X_train = scaler.fit_transform(X_train)

In [31]:
X_train.shape[0]/50

351.0

In [32]:
#Now initialize hyperparameters:

num_epochs = 52560 #*10 
#something not included can write in batches now. 
batches = 351  #not exactly sure how to set this, but if I have 351 batches that means I have a batch size of fifty. 
syn0 = 2*np.random.random((3,5)) -1 #first hidden layer's weights
syn1 = 2 * np.random.random((5,4)) - 1  #second hidden layer's weights
syn2 = 2 * np.random.random((4,1)) - 1

In [33]:
X_train[0:50]
X_train[50*i:(50*i)+10]

array([[ 0.4245727 ,  0.85197253,  0.15686275],
       [ 0.59233501,  0.0690956 ,  0.35294118],
       [ 0.69491171,  0.77806852,  0.56862745],
       [ 0.79152894,  0.94338795,  0.35294118],
       [ 0.38940565,  0.96290216,  0.88235294],
       [ 0.37719794,  0.96416329,  0.        ],
       [ 0.22042073,  0.73759285,  0.82352941],
       [ 0.58729096,  0.21630083,  0.60784314],
       [ 0.24674072,  0.99221931,  0.49019608],
       [ 0.50879176,  0.4085957 ,  0.25490196]])

In [34]:
#activation function goes here. 
def nonlin(x,deriv = False):
    """This is the sigmoid function. 
    
    Derivative feature included to help with gradient descent to soon come. 
    """
    if deriv :
        return x*(1-x)

    return 1/(1+np.exp(-x))

In [37]:
#now for training day:

for i in range(num_epochs):
    for batch in range(batches):
        X_batch = X_train[50*i:(50*i)+50]
        y_batch = y_train[50*i:(50*i)+50]
        
        k0 = X_batch
        k1 = nonlin(np.dot(k0,syn0)) #activation applied onto the first hidden layer
        k2 = nonlin(np.dot(k1,syn1)) #activation onto the second layer
        k3 = nonlin(np.dot(k2,syn2)) #activation onto the output layer, this is the resulting guess. 
    
        k3_error = y_batch - k3  # how far off you were.
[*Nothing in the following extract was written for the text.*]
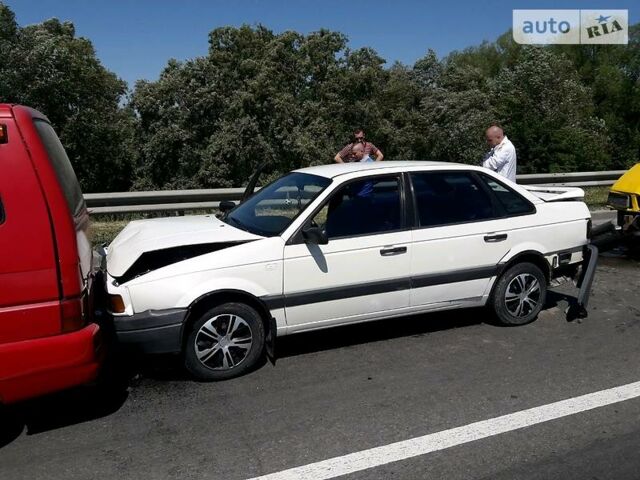 Білий Фольксваген Пассат Б3, об'ємом двигуна 1.8 л та пробігом 284 тис. км за 1500 $, фото 1 на Automoto.ua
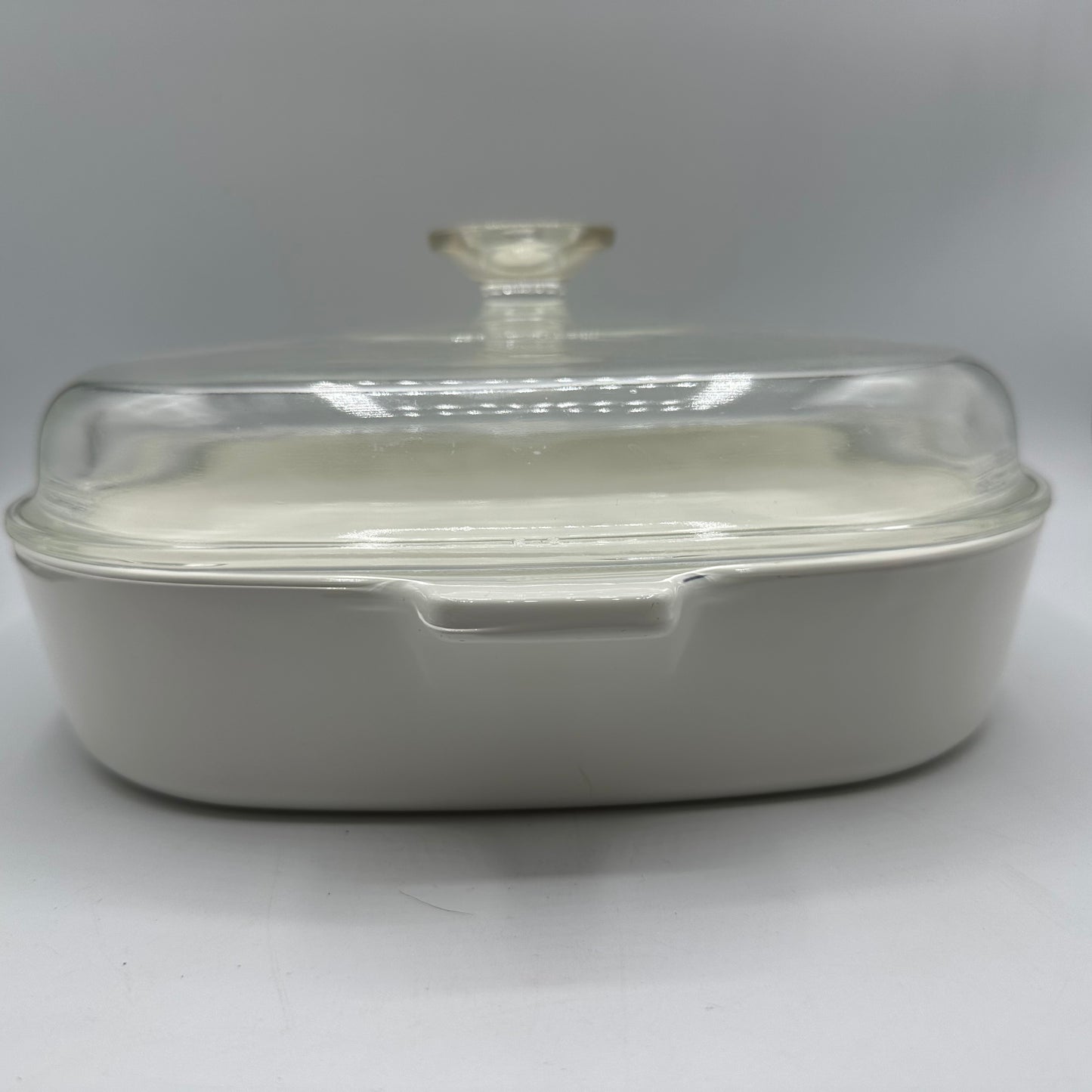 Corning Ware Black Trefoil Casserole Dish with Lid, 10"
This is a fairl
    
        k3_delta = k3_error * nonlin(k3,deriv=True)
    
    #and backpropagation goes here. 
    #the error in hidden layer 2 is dot product of the direction of the error in the next layer, 
    #with the weights used at this particular layer. 
        k2_error = k3_delta.dot(syn2.T)
    
        k2_delta = k2_error * nonlin(k2,deriv=True)
    
        k1_error = k2_delta.dot(syn1.T)
        k1_delta = k1_error * nonlin(k1,deriv=True)
    
    

    #update weights
        syn0 += k0.T.dot(k1_delta)
        syn1 += k1.T.dot(k2_delta)
        syn2 += k2.T.dot(k3_delta)
    if (i% 10000) == 0:  #quick sanity check for every 10000 epochs.  The error should drop!
        print("Error: " + str(np.mean(np.abs(k3_error))))
        

Error: 4.824


KeyboardInterrupt: 

So it runs, but it isn't learning. Based on the preliminary data exploration this seemed like it was going to be the case, but regardless going through a neural network and building it by memory was a pretty good excercise!